(Image-caption web data)

^^^^^^^^

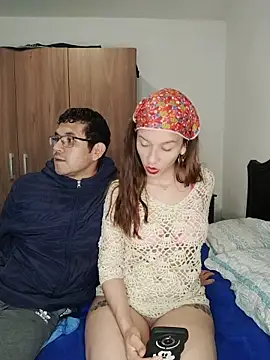 Snapshot of Isaandysex2428 chatting on November 25, 2025, 12:22 am Isaandysex2428 online show from November 25, 2025, 12:22 am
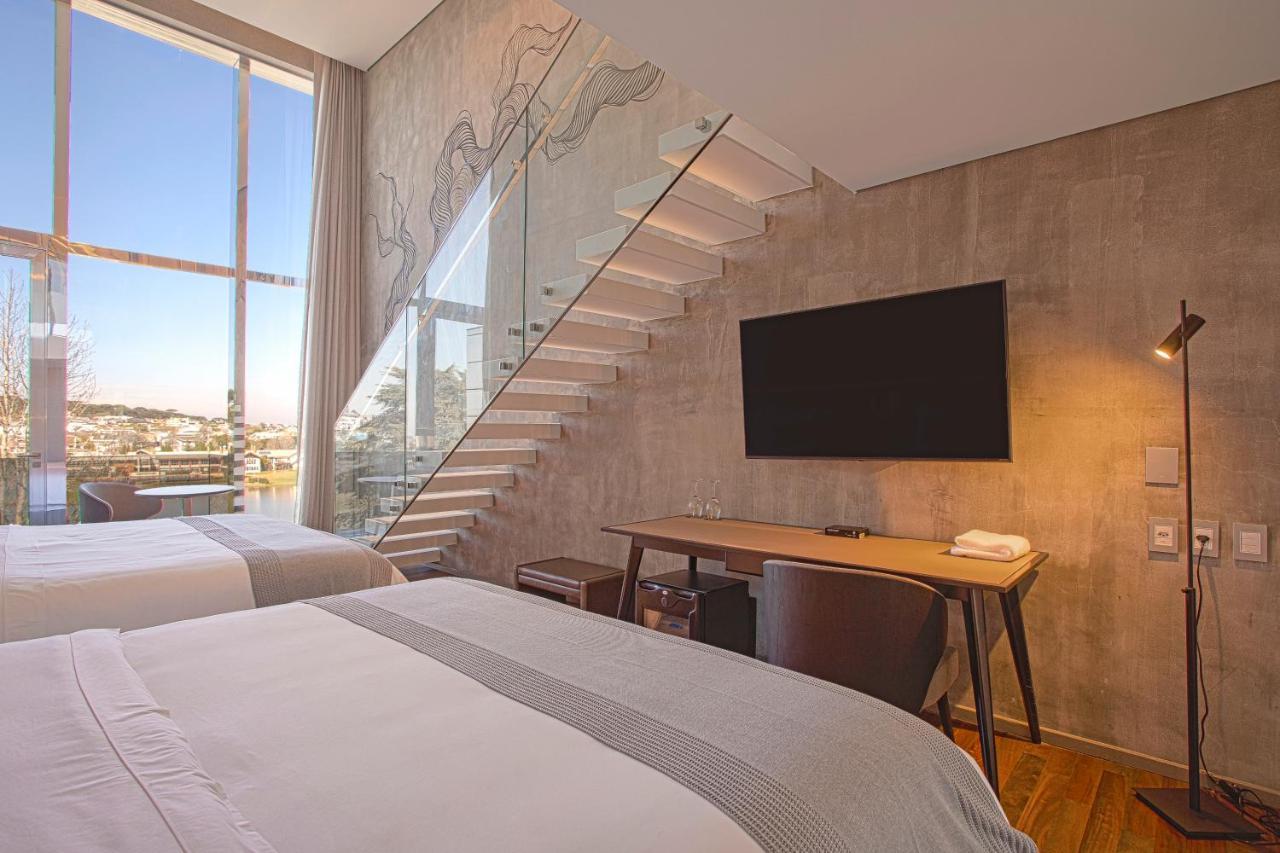 Suryaa Hotel Pinhais, Curio Collection By Hilton Esterno foto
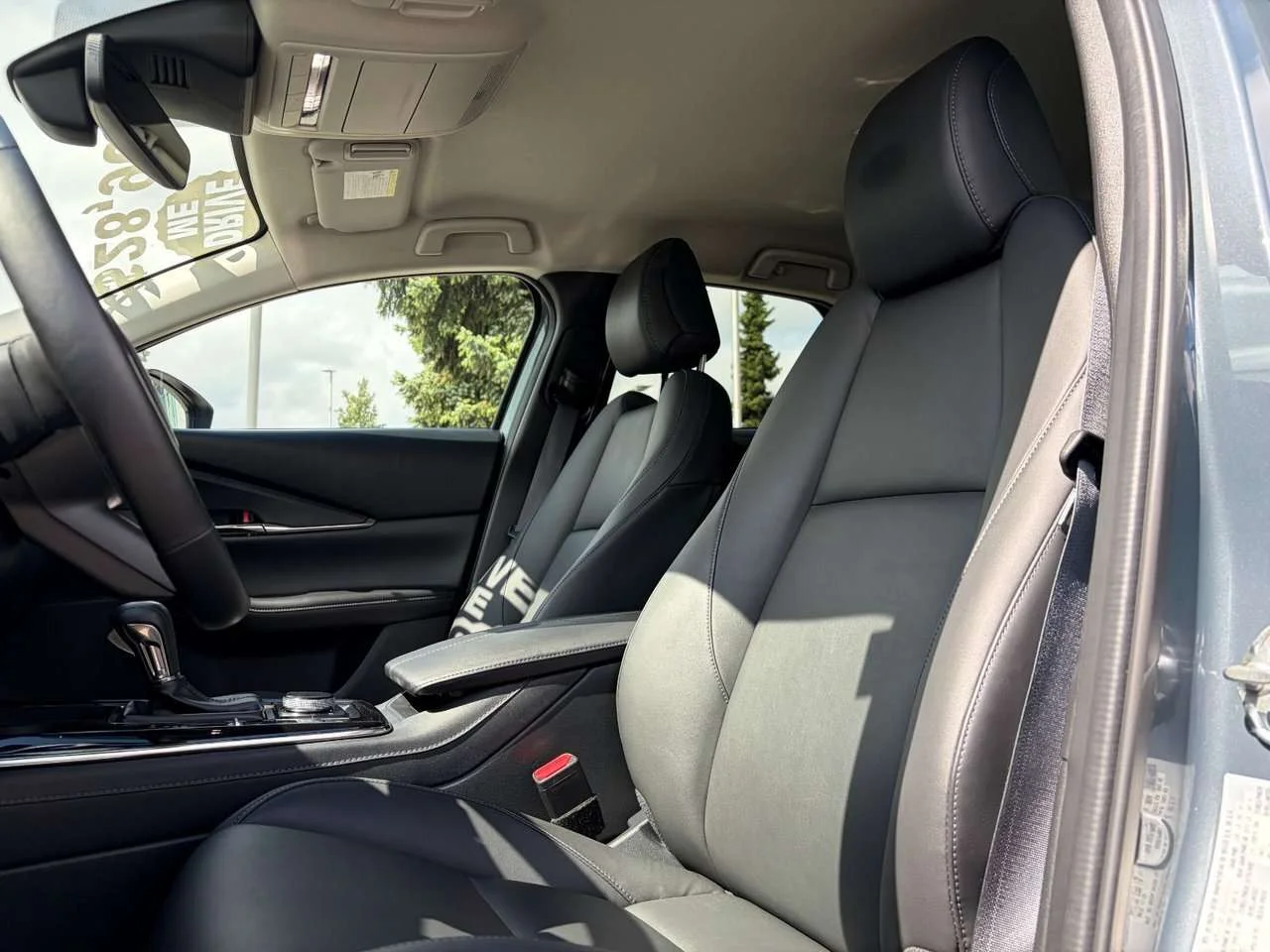 Used 2023  Mazda GS image 19
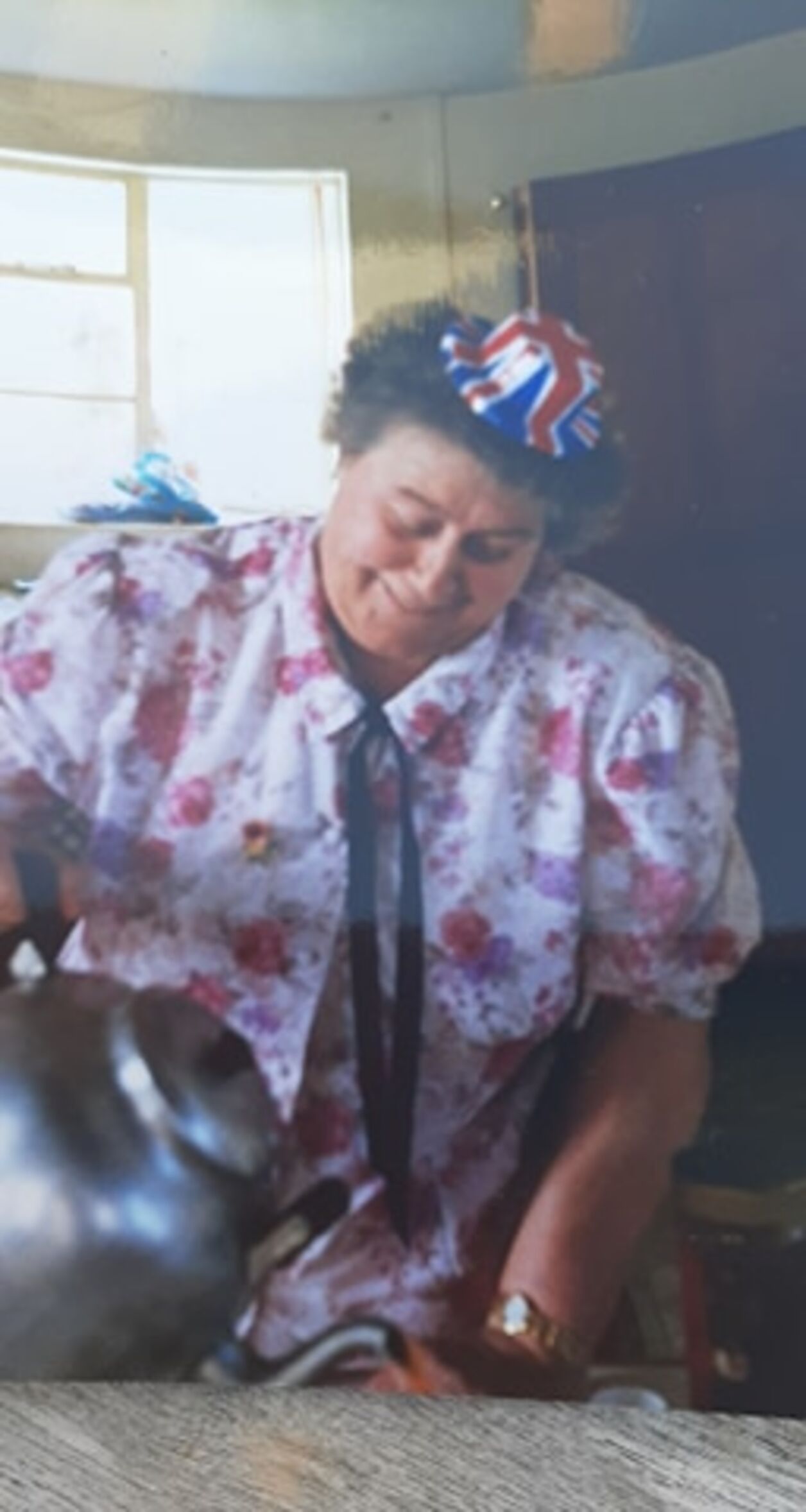 VE Day - serving refreshments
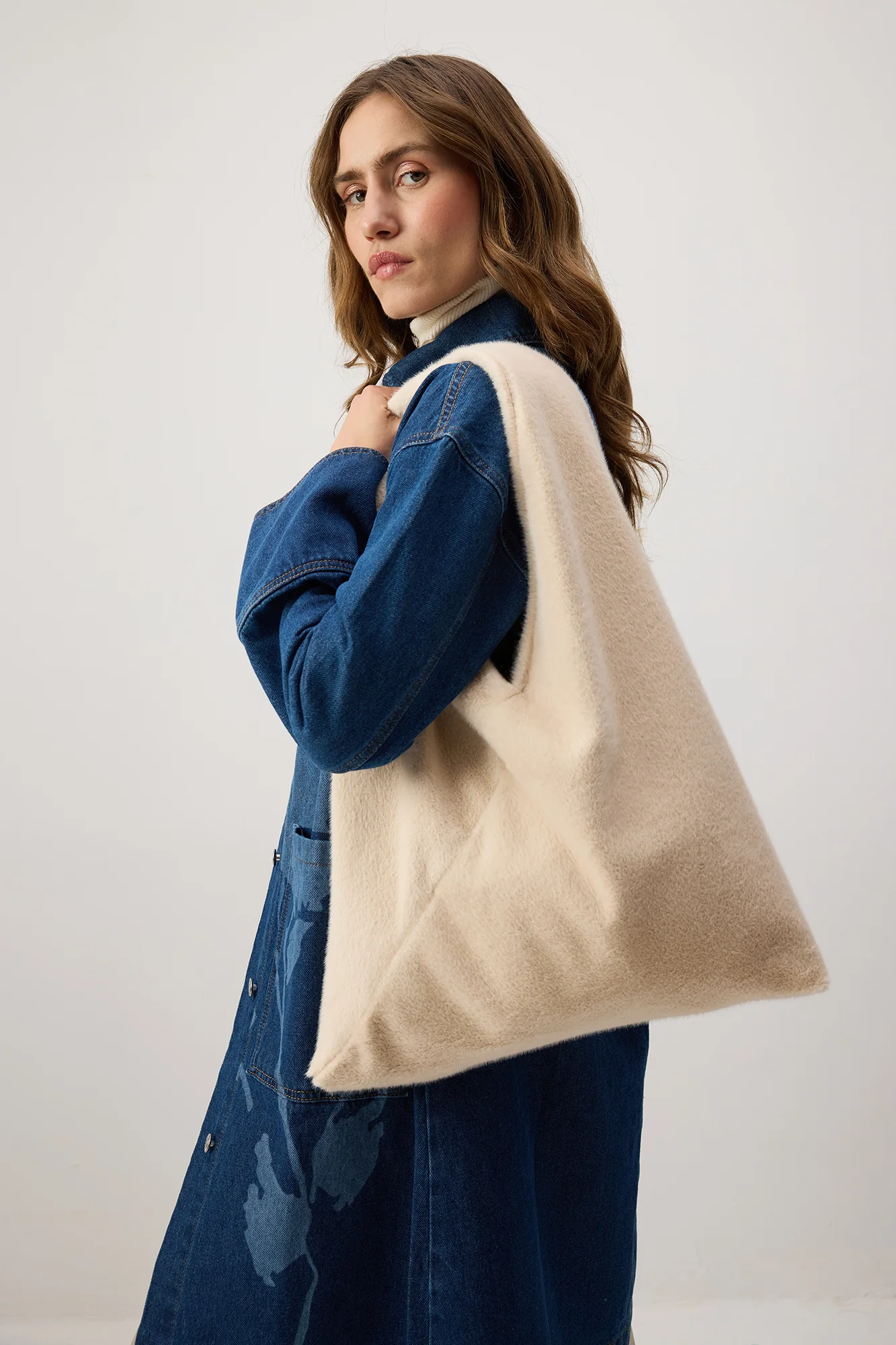 PLUSH BAG - Image 3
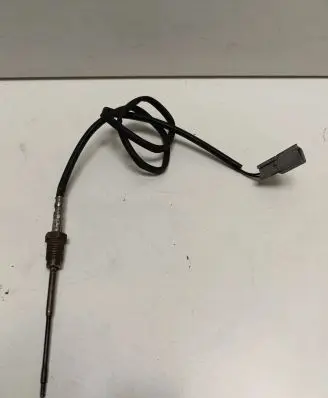 Renault Trafic III (X82) Exhaust gas temperature sensor 226400467R 04S27031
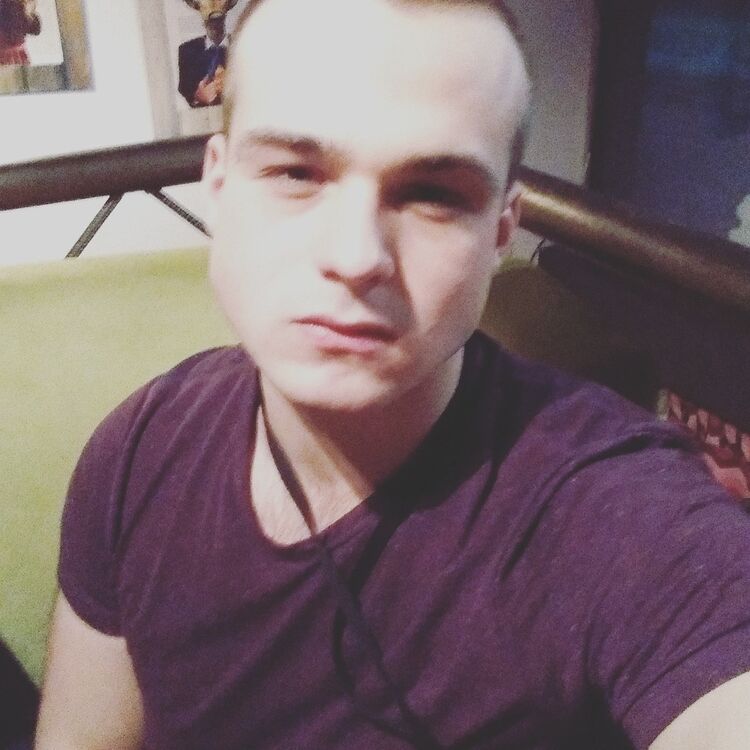  11617089  Nikolay, 26 ,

^^^^^^^^

Retype the lines exactly as they appear, beginning with the line that contains "VE Day - serving refreshments" and ending with the final line of the entries, and omit the pictures.

 VE Day - serving refreshments
 PLUSH BAG - Image 3
 Renault Trafic III (X82) Exhaust gas temperature sensor 226400467R 04S27031
  11617089  Nikolay, 26 ,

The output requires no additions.